Each input tuple must have a length of exactly 7. For more flexibility, use from_dicts.

Example:

>>> from stats_arrays import UncertaintyBase
>>> import numpy as np
>>> UncertaintyBase.from_tuples(
...     (2, 3, np.NaN, np.NaN, np.NaN, False, 3),
...     (5, np.NaN, np.NaN, 3, 10, False, 5)
...     )
array([(2.0, 3.0, nan, nan, nan, False, 3),
       (5.0, nan, nan, 3.0, 10.0, False, 5)],
       dtype=[('loc', '<f8'), ('scale', '<f8'), ('shape', '<f8'),
              ('minimum', '<f8'), ('maximum', '<f8'), ('negative', '?'),
              ('uncertainty_type', 'u1')])
Args:
One of more tuples of length 7.
Returns:
A Heterogeneous parameter array
pdf(params, *args, **kwargs)

Provide a standard interface to calculate the probability distribution function of a uncertainty distribution. Default is cls.default_number_points_in_pdf points between min to max range if bounds are present, or cls.standard_deviations_in_default_range standard distributions.

Inputs

  • params : A one-row Parameter array.
  • xs : Optional. A one-dimensional numpy array of input values.

Output

Important

The output format for PDF is different than CDF or PPF.
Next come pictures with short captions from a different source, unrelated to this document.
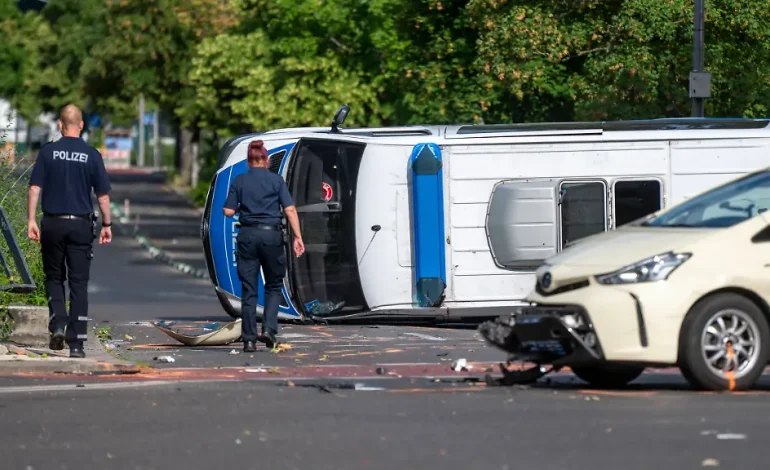 Schwerer Verkehrsunfall in Berlin mit mehreren Verletzten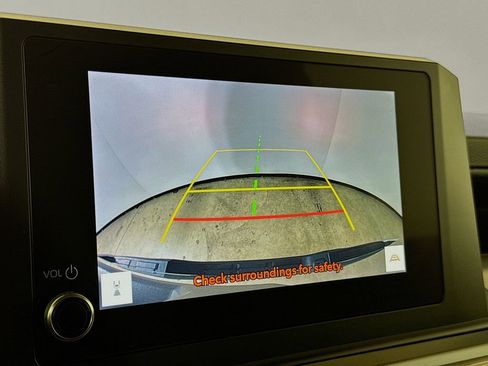 Certified 2024 Toyota Tacoma SR5 image 15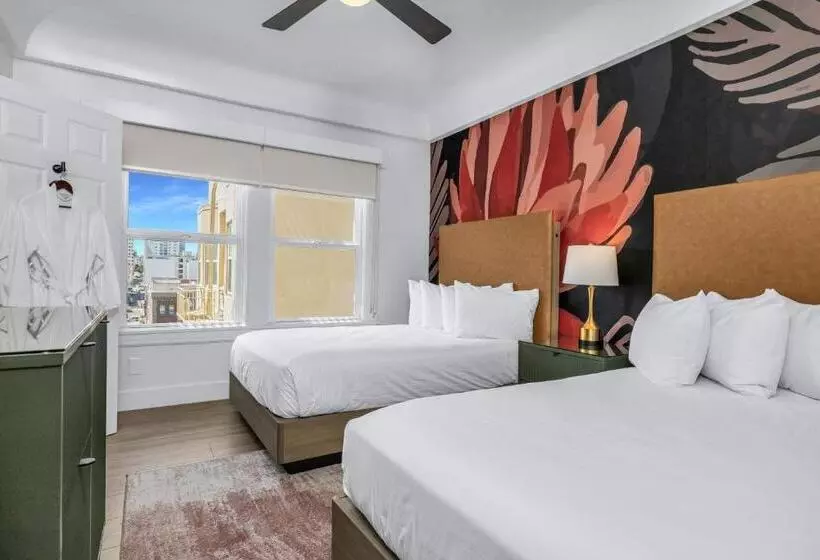 בית מלון כפרי Nob Hill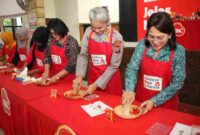 Ketua TP.PKK Kota Pematangsiantar saat bersama Kapolres Pematangsiantar memperagakan pengelolaan bumbu Roadshow Akademi ABC di Balai Bolon GKPS, Jalan Pendeta J Wismar Saragih Pematangsiantar, pada Senin (26/05/2025) pagi.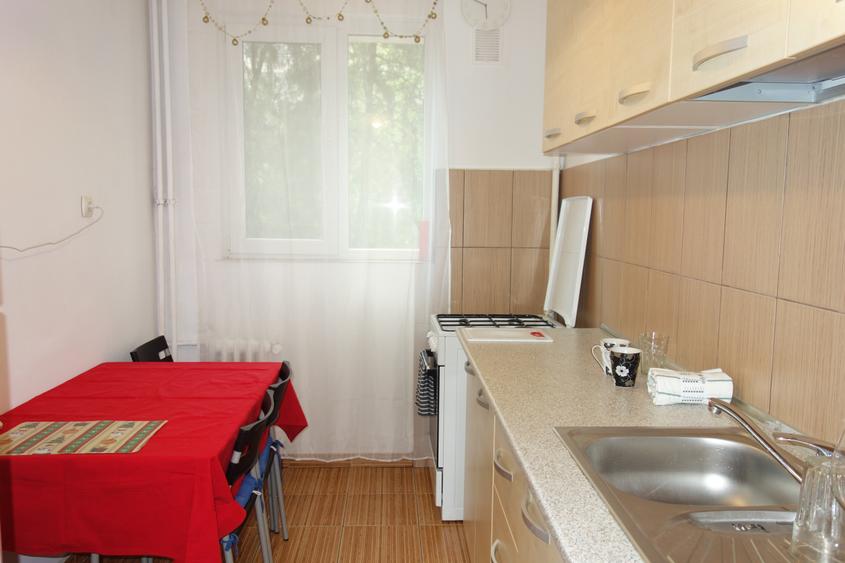 Apartament cu 2 camere semidecomandat în Dristor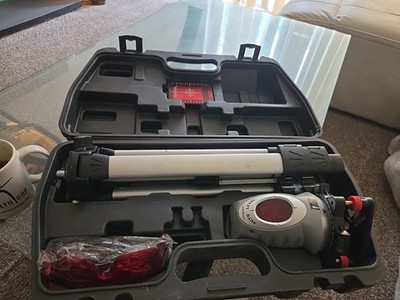 Pittsburgh Self Levelling Laser Level with Tripod Stand and Case (P03059994)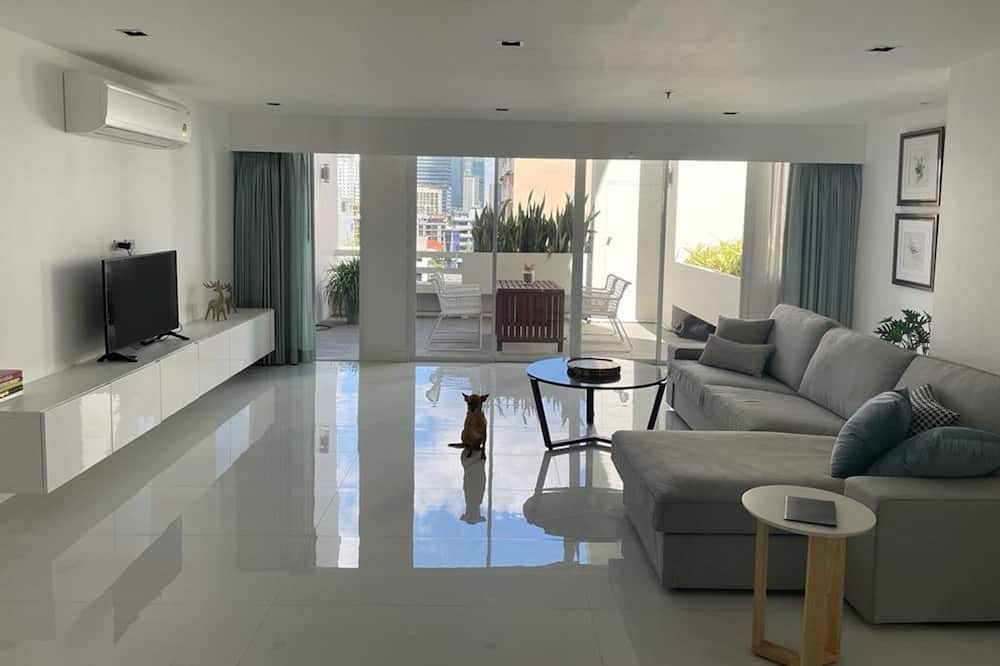 Photo of Livingroom in Ploenchit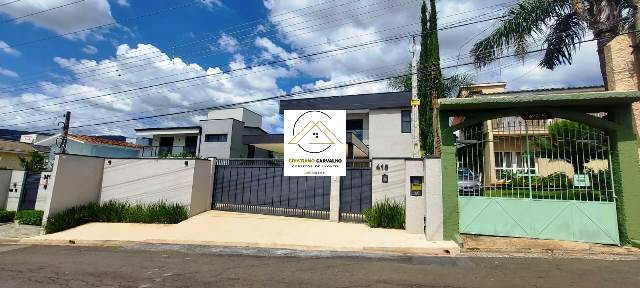 Casa à venda e aluguel com 3 quartos, 355m² - Foto 2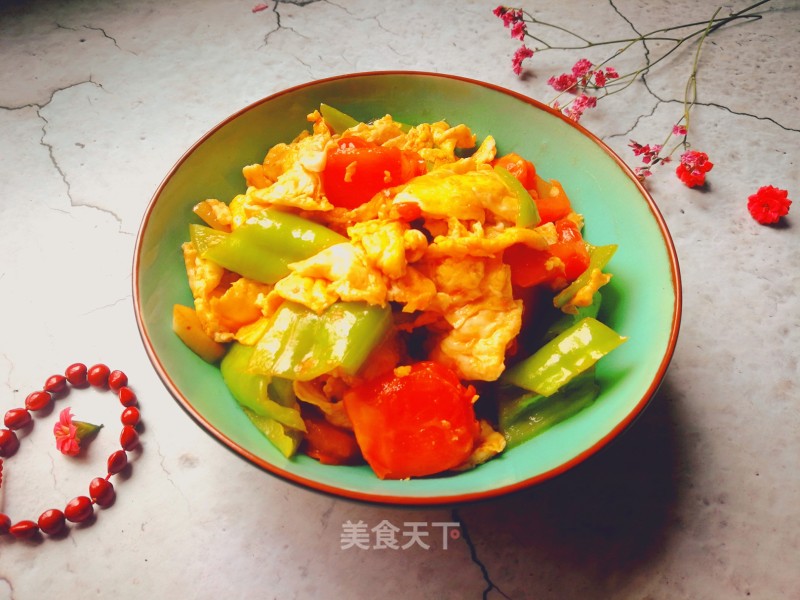 Scrambled Eggs with Tomatoes and Peppers recipe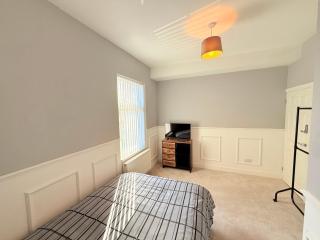 Two well presented En-Suite bedrooms for rent - 3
A tuple of a vactor x values and a vector of y values. Y values are a one-dimensional array of probability densities, bounded on (0,1), with length xs, if provided, or cls.default_number_points_in_pdf.

ppf(params, percentages)

Return percent point function (inverse of CDF, e.g. value in distribution where x percent of the distribution is less than value) for various distributions.

Inputs

  • params : A Parameter array.
  • percentages : An array of percentages, bounded on (0,1). Each row in percentages corresponds to a row in params.

Output

An array of values within the ranges of each distribtion, with params rows and percentages columns.

random_variables(params, size, seeded_random=None)

Generate random variables for the given uncertainty. Should not check to ensure that random samples are with the (minimum, maximum bounds). Bounds checking is provided by the bounded_random_variables class method.

Inputs

  • params : A Parameter array.
  • size : Integer. The number of values to draw from each distribution in params.
  • seeded_random : Integer. Optional.

Output

An array of random values, with dimensions params rows by size.

classmethod rescale(params)

Rescale params to a (0,1) interval. Return adjusted_means and scale. Needed because SciPy assumes a (0,1) interval for many distributions.

statistics(params, *args, **kwargs)

Build a dictionary of mean, mode, median, and 95% confidence interval upper and lower values.

Inputs

Output

{‘mean’: mean value, ‘mode’: mode value, ‘median’: median value, ‘upper’: upper limit value, ‘lower’: lower limit value}. All values should be floats (not single-element arrays). Parameters that are not defined should be returned None, not omitted.